Don’t be surprised if your art-collecting clients ask your opinion about buying art online. It’s a booming business.
On Christie’s Live Bidding platform, for example, collectors can view auctions and bid on items in real-time. The online site drew 25% more bids in 2011 than in 2010, according to Michael O’Neal, head of digital media for the firm.
Each week New York-based Exhibition A gives collectors the chance to buy one signed limited-edition work from a “highly relevant artist and provide context around that artist and the artwork,” explains Laura Martin, co-founder of the site, in an interview with AdvisorOne.
The company aims to give consumers an entry point to “the often intimidating and ultra-expensive contemporary art world,” Martin adds. It does this by offering artwork priced under $1,000, that’s signed, culturally significant and has the ability to appreciate in value, she explains.
“Our mission is to foster a new segment of art collectors and to shift the focus of a broad base of consumers from just decorating to collecting,” notes Martin.

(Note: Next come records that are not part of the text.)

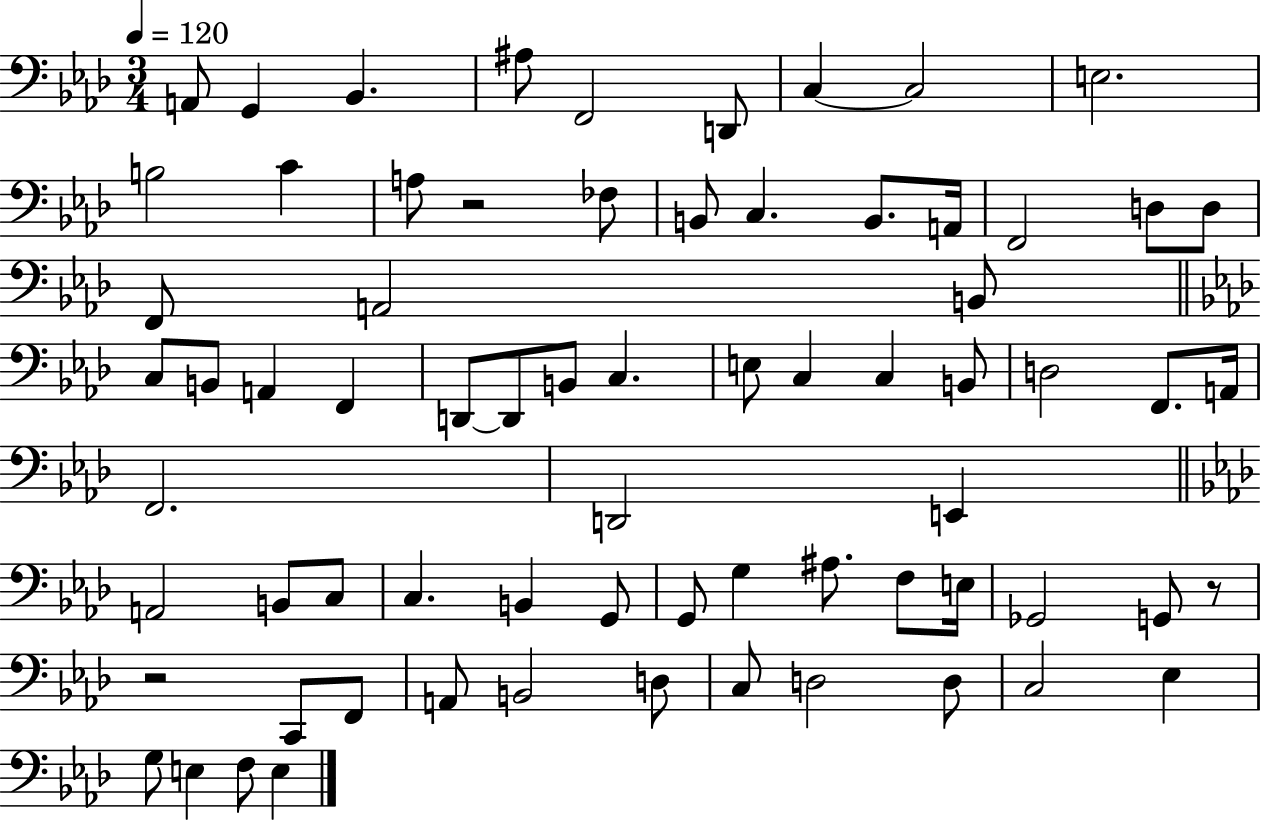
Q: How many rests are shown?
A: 3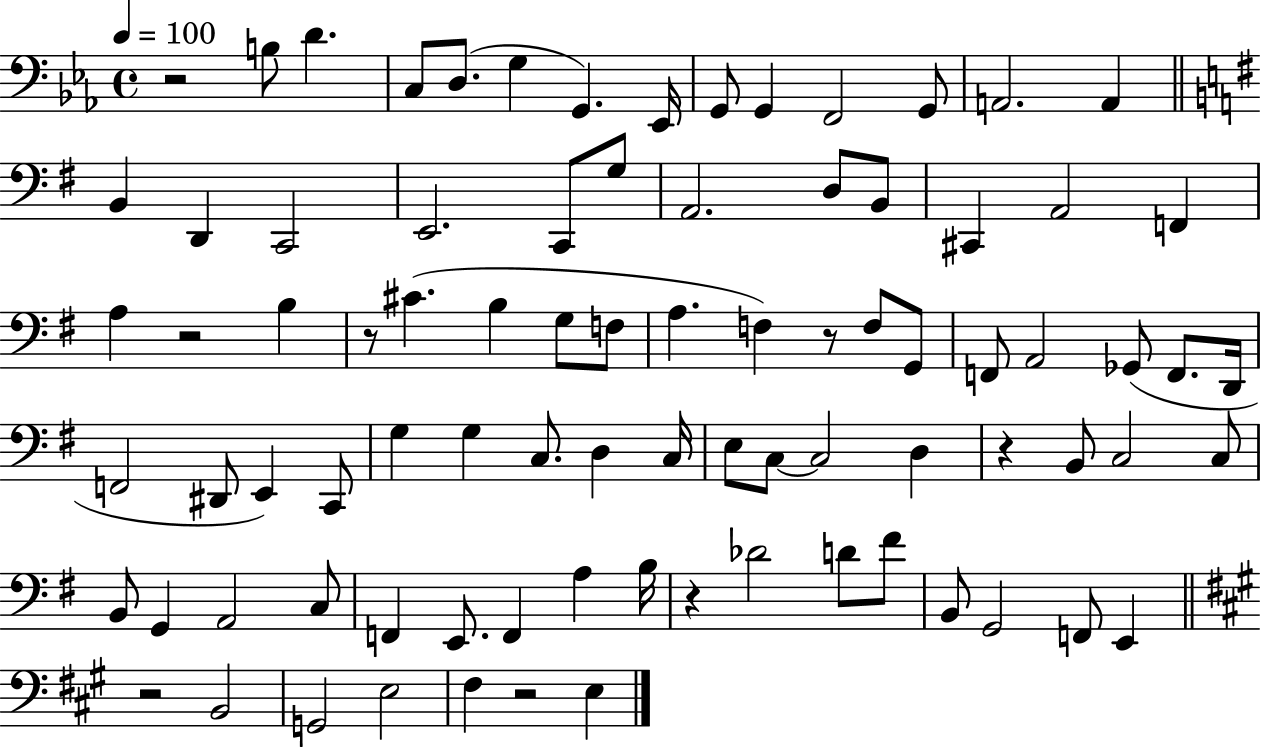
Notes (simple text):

R/h B3/e D4/q. C3/e D3/e. G3/q G2/q. Eb2/s G2/e G2/q F2/h G2/e A2/h. A2/q B2/q D2/q C2/h E2/h. C2/e G3/e A2/h. D3/e B2/e C#2/q A2/h F2/q A3/q R/h B3/q R/e C#4/q. B3/q G3/e F3/e A3/q. F3/q R/e F3/e G2/e F2/e A2/h Gb2/e F2/e. D2/s F2/h D#2/e E2/q C2/e G3/q G3/q C3/e. D3/q C3/s E3/e C3/e C3/h D3/q R/q B2/e C3/h C3/e B2/e G2/q A2/h C3/e F2/q E2/e. F2/q A3/q B3/s R/q Db4/h D4/e F#4/e B2/e G2/h F2/e E2/q R/h B2/h G2/h E3/h F#3/q R/h E3/q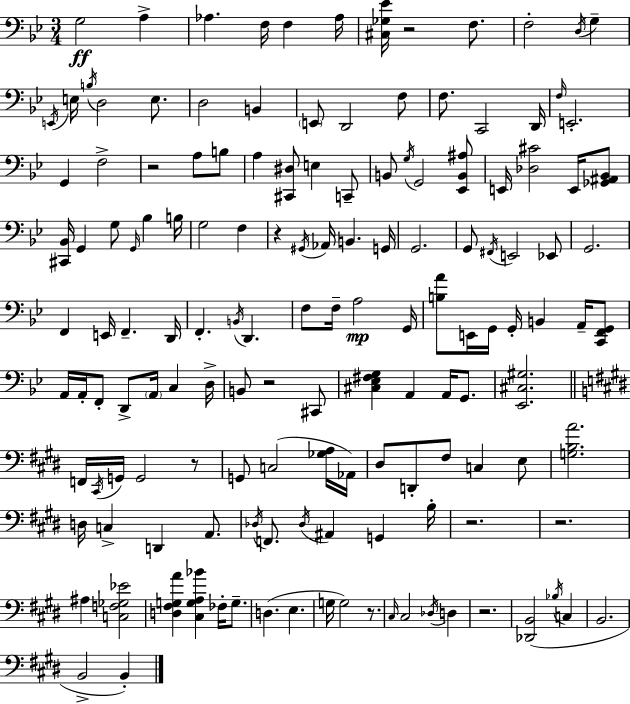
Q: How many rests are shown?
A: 9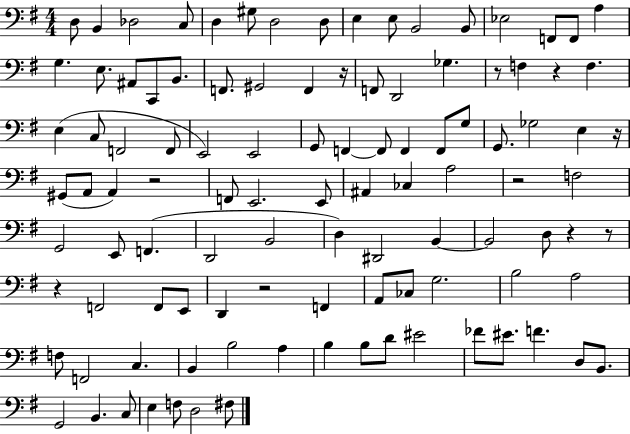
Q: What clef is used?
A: bass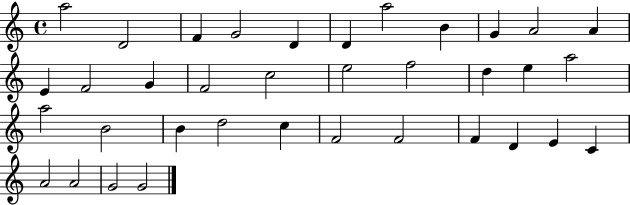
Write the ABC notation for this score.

X:1
T:Untitled
M:4/4
L:1/4
K:C
a2 D2 F G2 D D a2 B G A2 A E F2 G F2 c2 e2 f2 d e a2 a2 B2 B d2 c F2 F2 F D E C A2 A2 G2 G2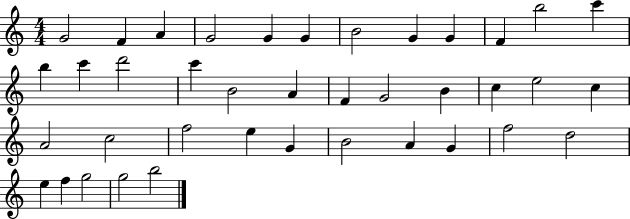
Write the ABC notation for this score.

X:1
T:Untitled
M:4/4
L:1/4
K:C
G2 F A G2 G G B2 G G F b2 c' b c' d'2 c' B2 A F G2 B c e2 c A2 c2 f2 e G B2 A G f2 d2 e f g2 g2 b2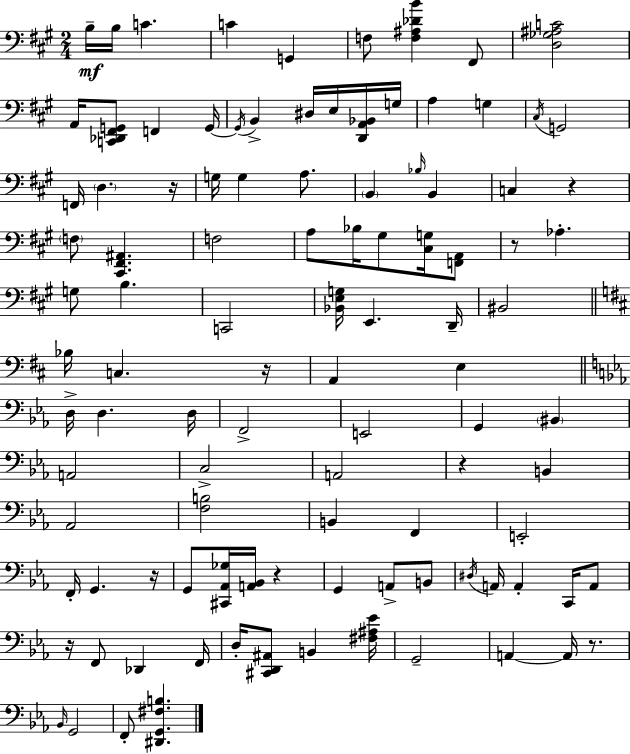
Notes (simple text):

B3/s B3/s C4/q. C4/q G2/q F3/e [F3,A#3,Db4,B4]/q F#2/e [D3,Gb3,A#3,C4]/h A2/s [C2,Db2,F#2,G2]/e F2/q G2/s G2/s B2/q D#3/s E3/s [D2,A2,Bb2]/s G3/s A3/q G3/q C#3/s G2/h F2/s D3/q. R/s G3/s G3/q A3/e. B2/q Bb3/s B2/q C3/q R/q F3/e [C#2,F#2,A#2]/q. F3/h A3/e Bb3/s G#3/e [C#3,G3]/s [F2,A2]/e R/e Ab3/q. G3/e B3/q. C2/h [Bb2,E3,G3]/s E2/q. D2/s BIS2/h Bb3/s C3/q. R/s A2/q E3/q D3/s D3/q. D3/s F2/h E2/h G2/q BIS2/q A2/h C3/h A2/h R/q B2/q Ab2/h [F3,B3]/h B2/q F2/q E2/h F2/s G2/q. R/s G2/e [C#2,Ab2,Gb3]/s [A2,Bb2]/s R/q G2/q A2/e B2/e D#3/s A2/s A2/q C2/s A2/e R/s F2/e Db2/q F2/s D3/s [C#2,D2,A#2]/e B2/q [F#3,A#3,Eb4]/s G2/h A2/q A2/s R/e. Bb2/s G2/h F2/e [D#2,G2,F#3,B3]/q.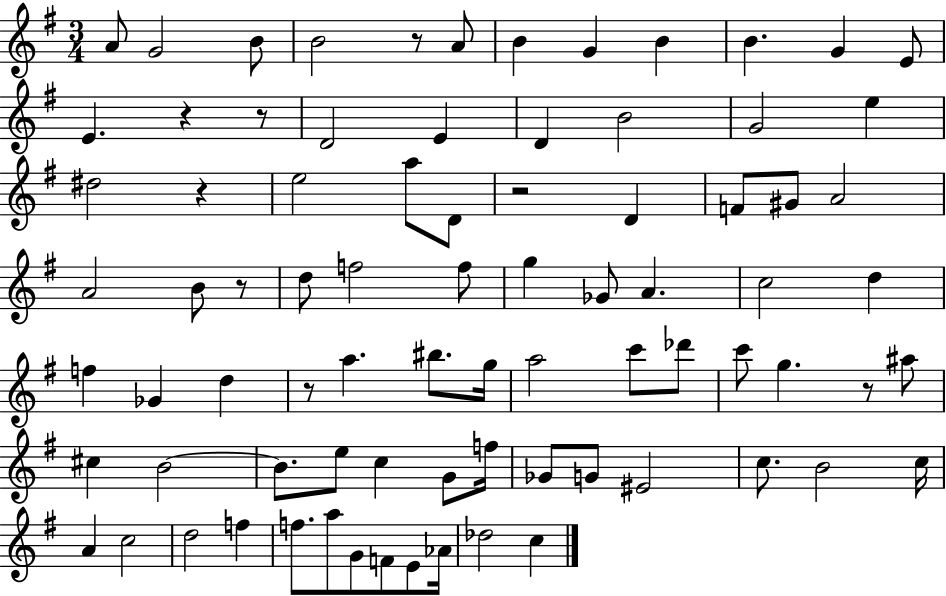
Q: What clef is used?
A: treble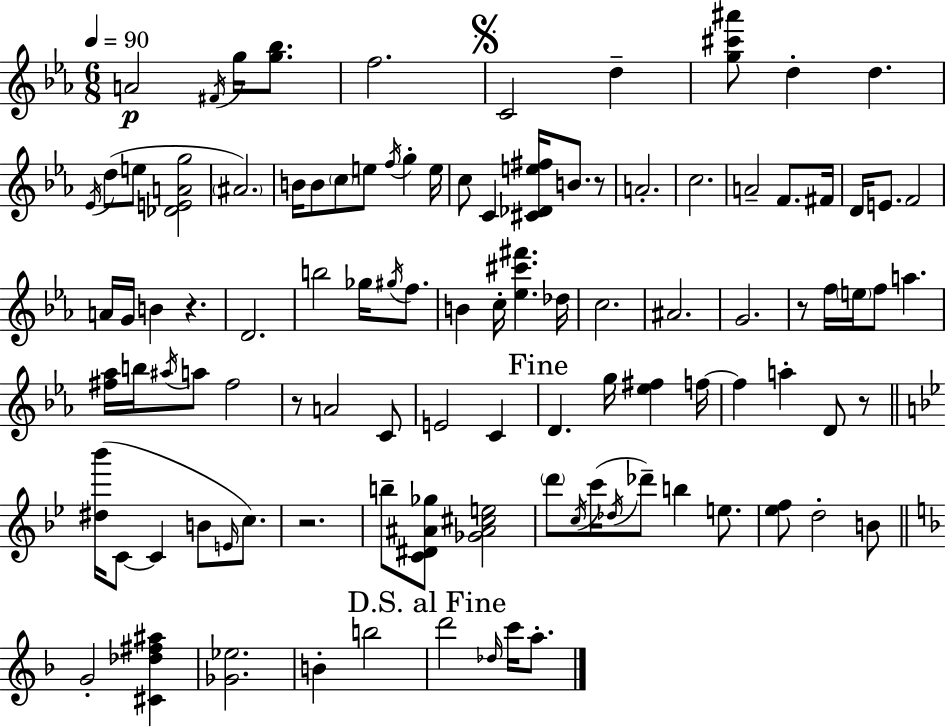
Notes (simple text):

A4/h F#4/s G5/s [G5,Bb5]/e. F5/h. C4/h D5/q [G5,C#6,A#6]/e D5/q D5/q. Eb4/s D5/e E5/e [Db4,E4,A4,G5]/h A#4/h. B4/s B4/e C5/e E5/e F5/s G5/q E5/s C5/e C4/q [C#4,Db4,E5,F#5]/s B4/e. R/e A4/h. C5/h. A4/h F4/e. F#4/s D4/s E4/e. F4/h A4/s G4/s B4/q R/q. D4/h. B5/h Gb5/s G#5/s F5/e. B4/q C5/s [Eb5,C#6,F#6]/q. Db5/s C5/h. A#4/h. G4/h. R/e F5/s E5/s F5/e A5/q. [F#5,Ab5]/s B5/s A#5/s A5/e F#5/h R/e A4/h C4/e E4/h C4/q D4/q. G5/s [Eb5,F#5]/q F5/s F5/q A5/q D4/e R/e [D#5,Bb6]/s C4/e C4/q B4/e E4/s C5/e. R/h. B5/e [C4,D#4,A#4,Gb5]/e [Gb4,A#4,C#5,E5]/h D6/e C5/s C6/s Db5/s Db6/e B5/q E5/e. [Eb5,F5]/e D5/h B4/e G4/h [C#4,Db5,F#5,A#5]/q [Gb4,Eb5]/h. B4/q B5/h D6/h Db5/s C6/s A5/e.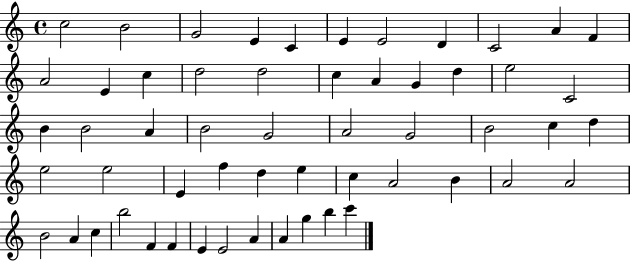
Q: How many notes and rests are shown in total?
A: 56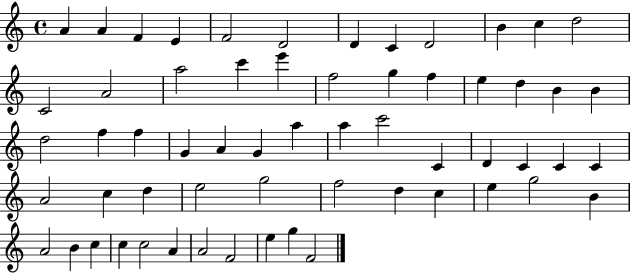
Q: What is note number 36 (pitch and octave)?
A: C4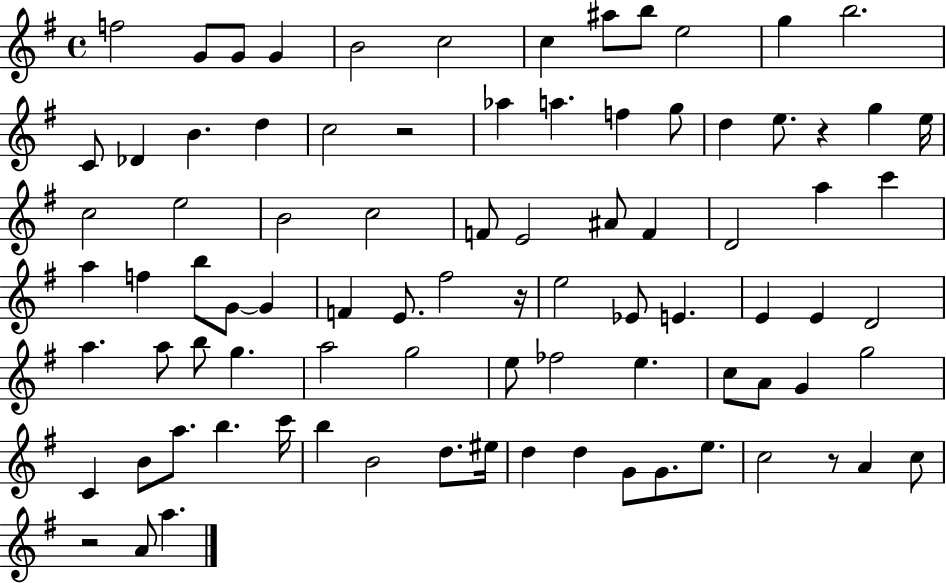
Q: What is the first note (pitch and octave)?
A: F5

New art investors are taking the bait. Martin cites an online sale of work by Richard Prince that sold out in 12 minutes with prices of $750 for the first 70 prints sold and $950 for the final 30.
Exhibition A customers are typically between the ages of 25 to 45, she shares, and 15% of sales are shipped to clients outside the United States.
Catherine Levene, co-founder and CEO of Artspace in New York also points to the growing international clientele. “Without any marketing, we’ve sold to collectors all over the world,” she says, in an interview. “We’ve sold to Europe and we’ve sold to Asia, to South America and to Australia.”
The convenience of making online art transactions attracts collectors, Levene notes. Artspace provides an e-commerce site for a global collection of galleries, museums and artists that might be inaccessible otherwise.